Protest songs can document a moment as it happens, inspiring awareness and action, but they can also reach across time, telling stories as relevant now as when they were written. Ted Leo's written a few of these songs ("Mourning in America," "Bleeding Powers" among them), his fervor fiery and sensitivity keen.

With a ragged rock and roll stomp like a self-contained Crazy Horse (Leo plays all the instruments here), "The Clearing of the Land" shows how the police state, purposefully skewed language, and state-sanctioned media gives oppressors systemic reason "to kill us all or drive us all, year by year, off the land." Oppression is a meticulous process, gradually building harm to communities until brought to crisis. Violence is never the first strike, but the evidence that demands reaction, often way too late. Layers of fuzz-fried guitar solos whip and wind through the last minute, but not before Leo asks us to wake the hell up: "In the end, friend, really what were you expecting? And who is it you want to be protecting?"

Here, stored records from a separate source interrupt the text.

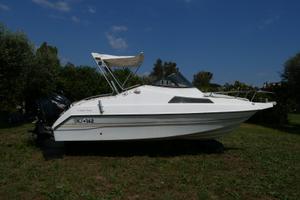 Gio Mare 162-5m-cabina-pronta all’uso-mercury+ausi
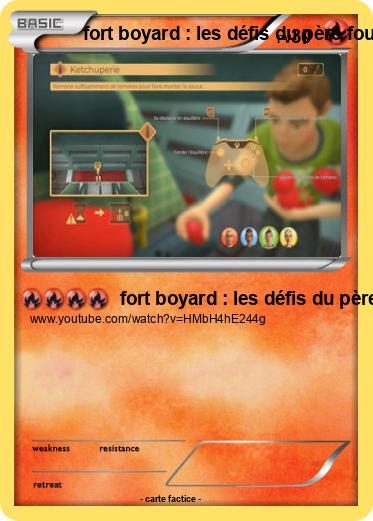 Pokemon fort boyard : les défis du père fouras - atout #3 : l'aventurier solitaire - youtube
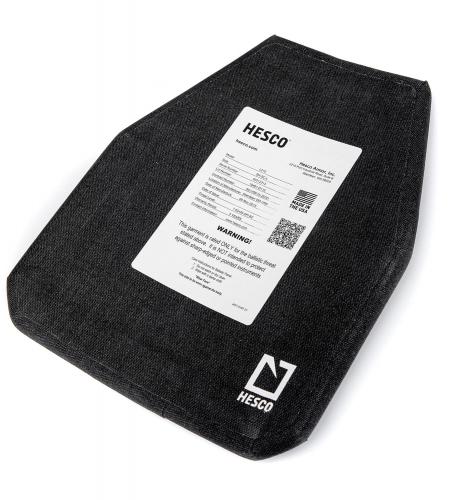 Hesco L210 Armor Plate, Special Rifle Threat, Stand Alone.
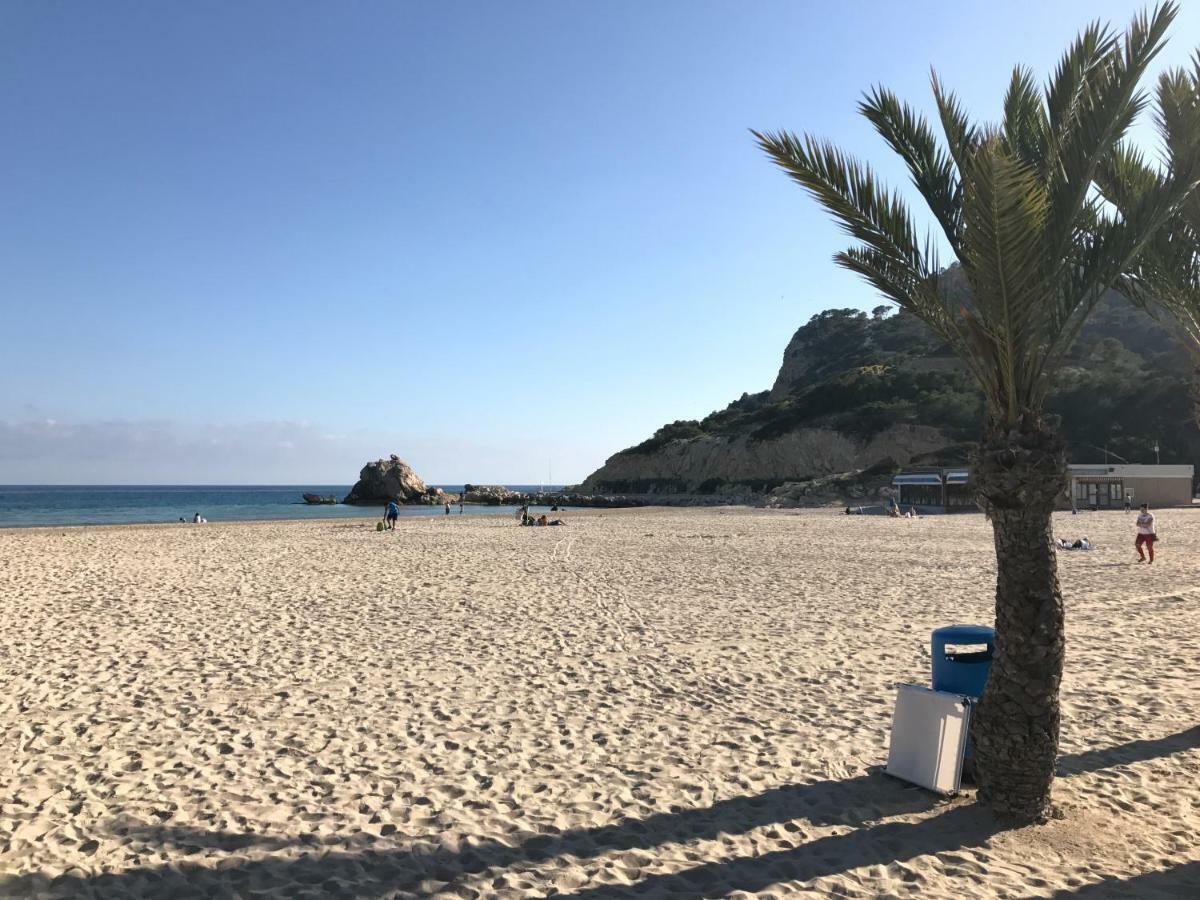 Apartment Sincera Benidorm Eksteriør billede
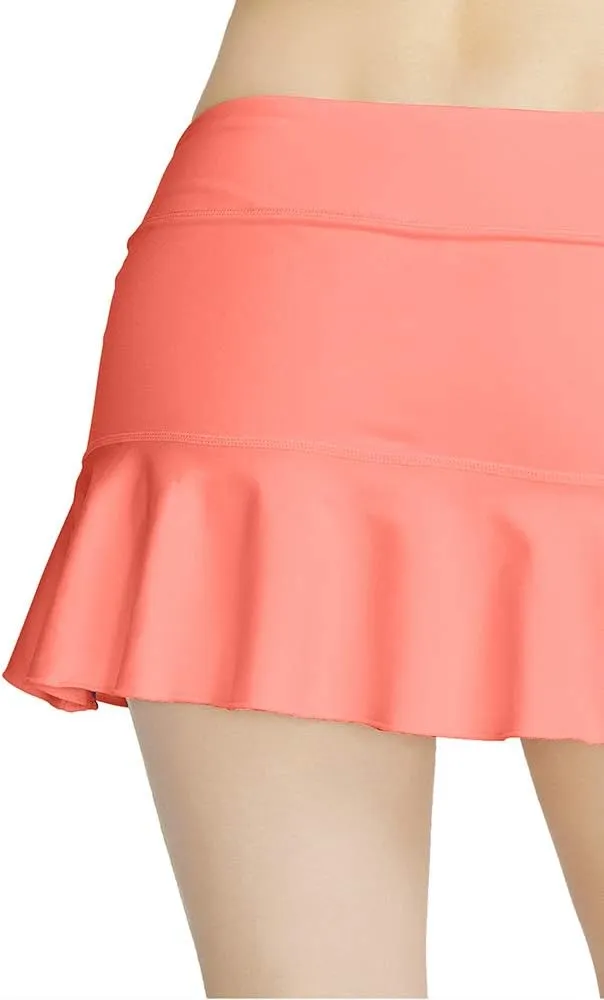 Tennis Skirts for Women Golf Skirt Tennis Skort Pleated with Side Inner Pockets Indoor Exercise,Runs Large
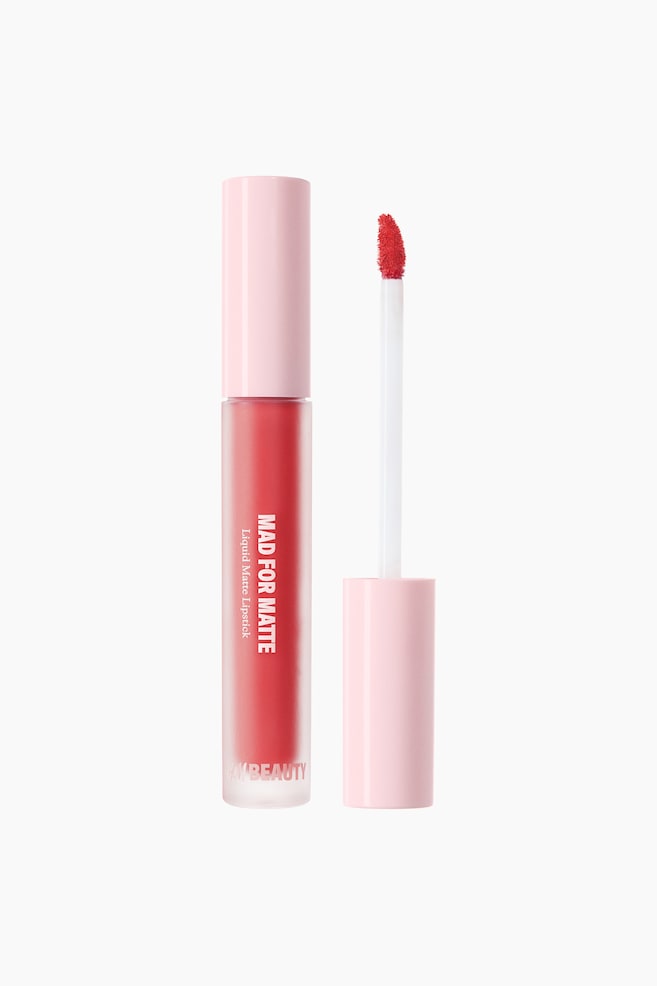 Mad For Matte liquid lipstick - Cha Cha Cha/Just a Bite/Dial it Up - 1
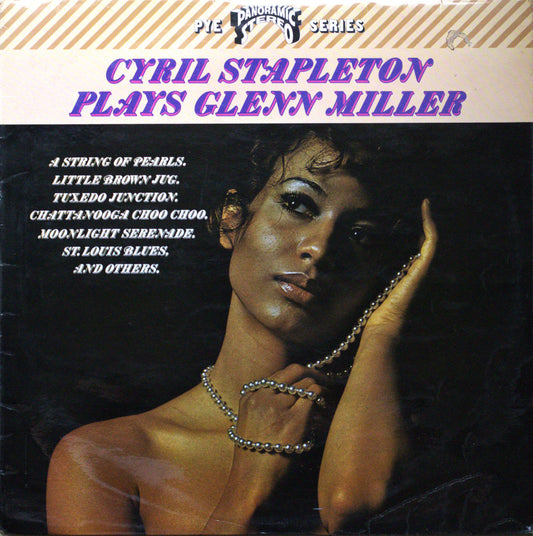 Cyril Stapleton – Plays Glenn Miller Vinyl LP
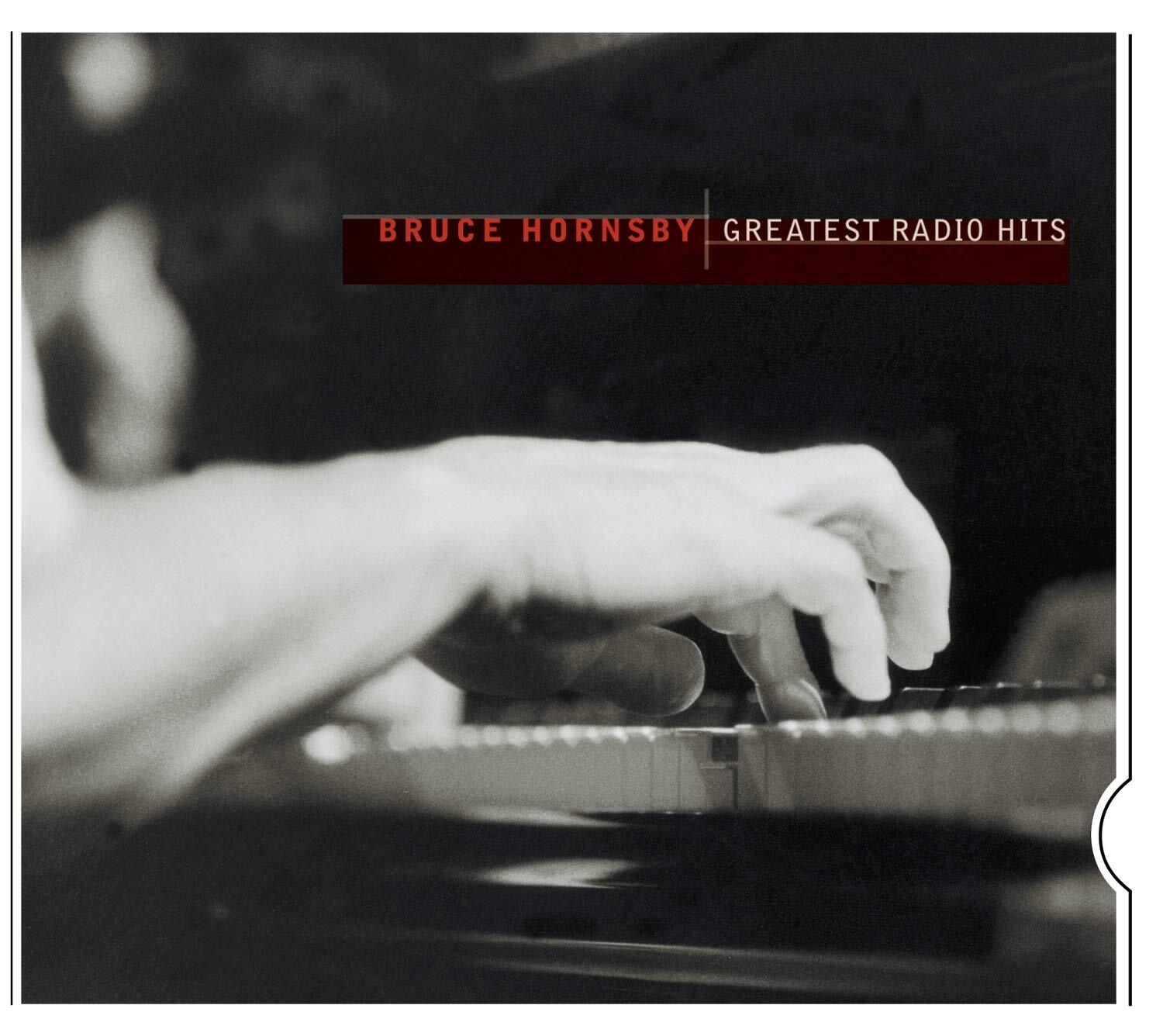 `Hornsby, Bruce` Greatest Radio Hits CD NUOVO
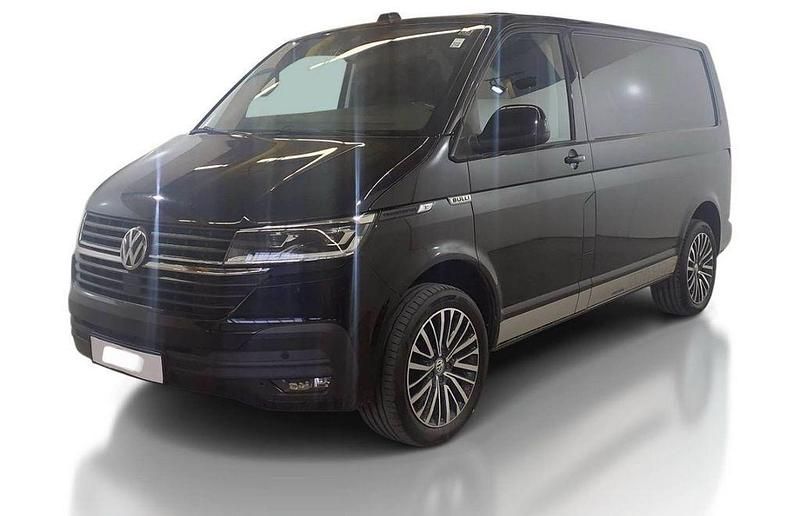 Gebraucht VW Transporter 150 PS (110 kW) 2020 Schwarz Van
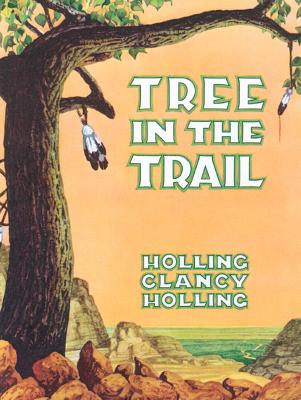 Book cover for Tree in the Trail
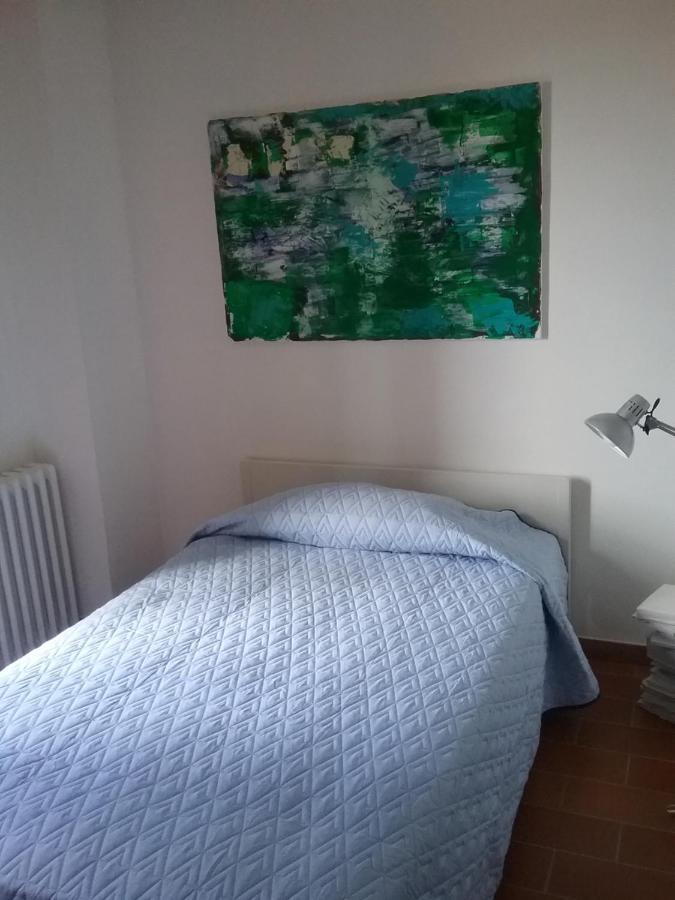 מלון אסיסי La Casa Delle Sirene מראה חיצוני תמונה
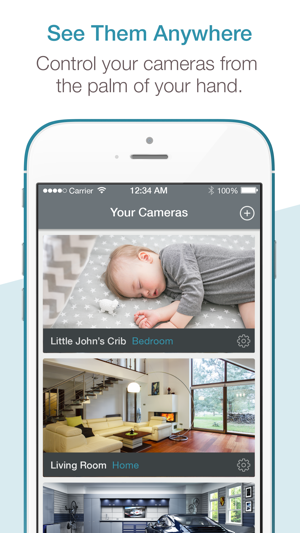DLink IP Camera Viewer by OWLR(圖3)-速報App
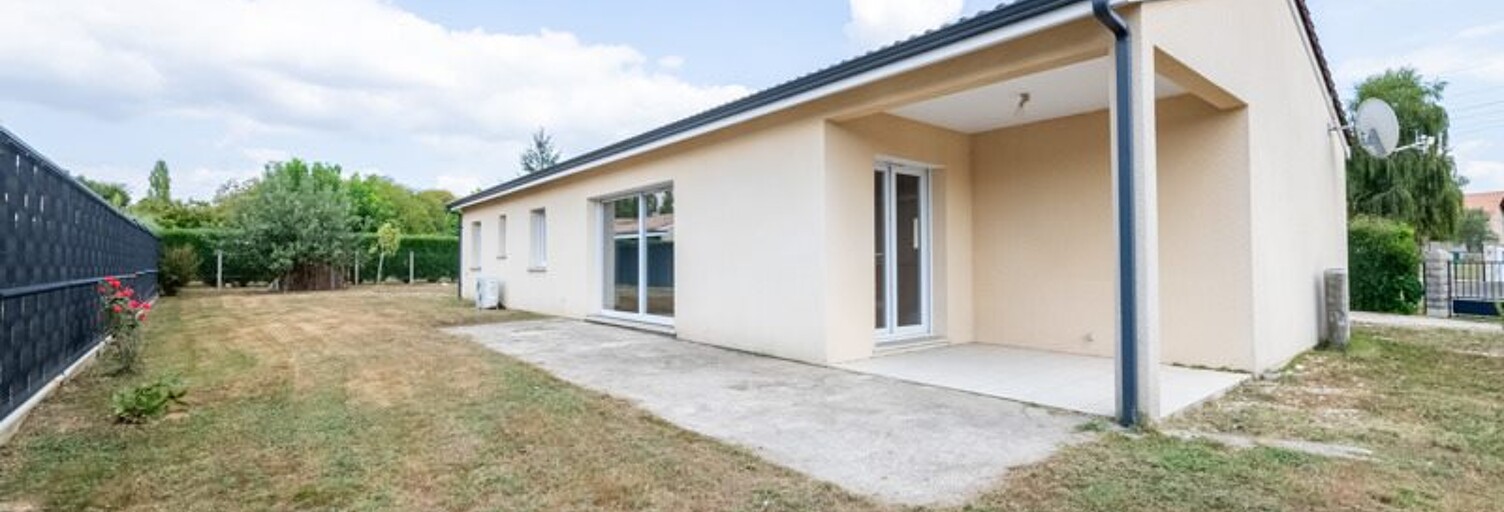 Maison 5 Pièces 110 m² à vendre à Targon (33760)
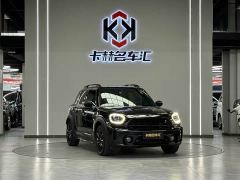 BMW MINI COUNTRYMAN 2.0T COOPER S ALL4 Black Label Special Edition - photo 3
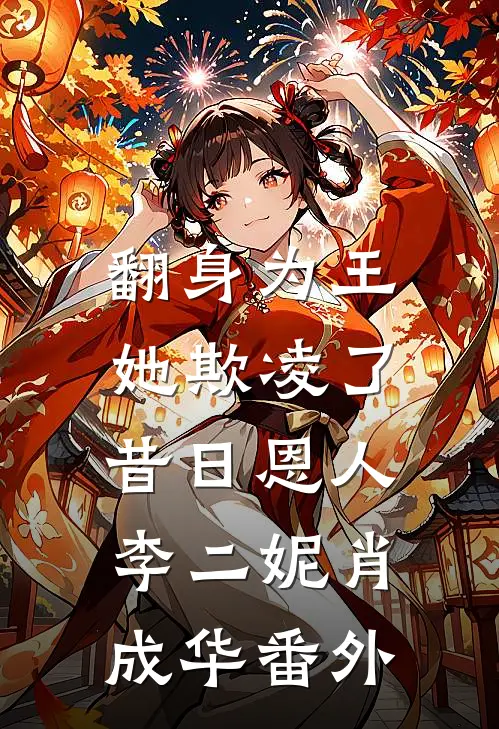 翻身为王，她欺凌了昔日恩人李二妮肖成华番外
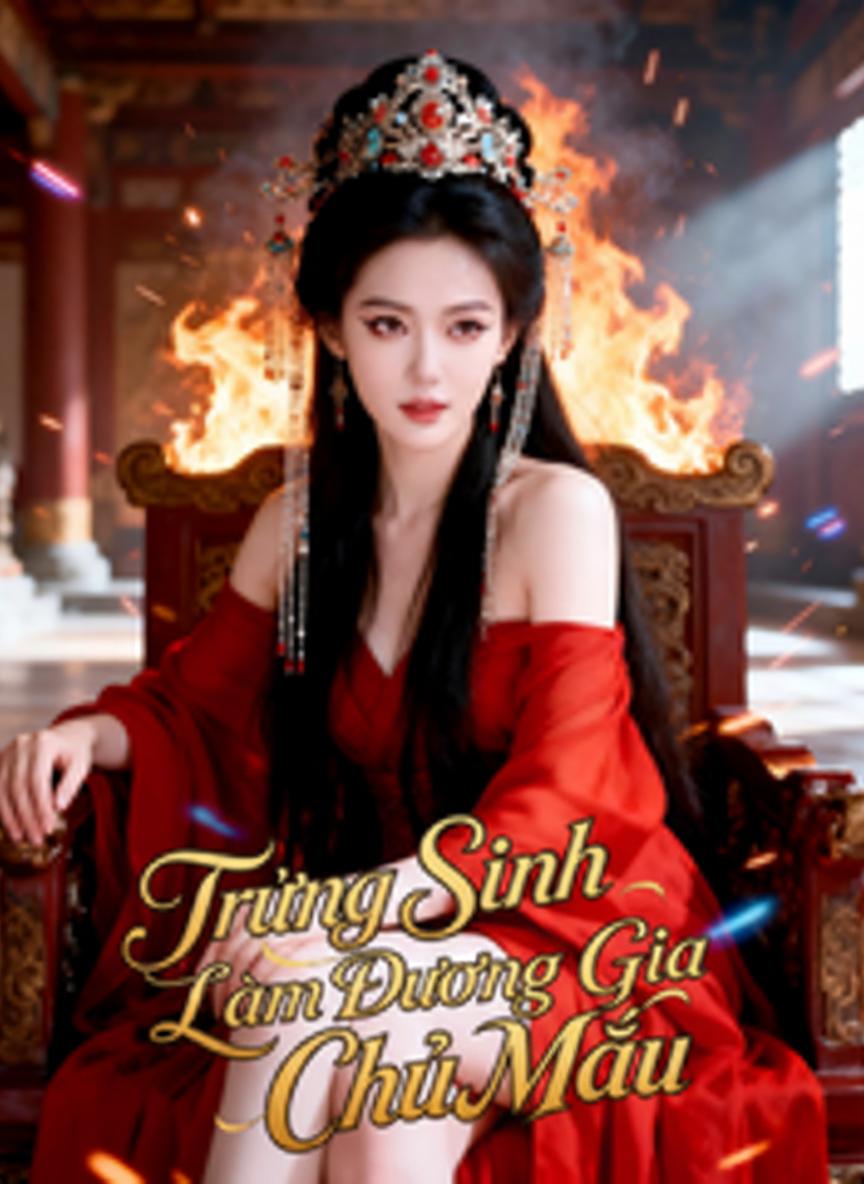 Trùng Sinh Làm Đương Gia Chủ Mẫu
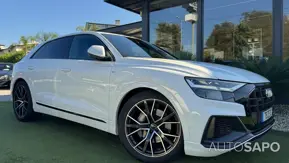 Audi Q8 de 2019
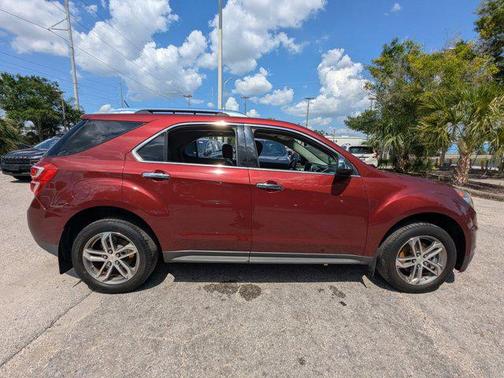 2017 Chevrolet Equinox Premier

The song was written for Band Together: A Benefit for Ukraine, a compilation featuring The World/Inferno Friendship Society, Unsane, Pušča, Кат and others — a mix of punk, metal and folk artists from Ukraine and the United States, including a few tracks recorded post-invasion by artists living in war. All proceeds from the compilation benefit Razom, a New York-based non-profit providing aid across Ukraine.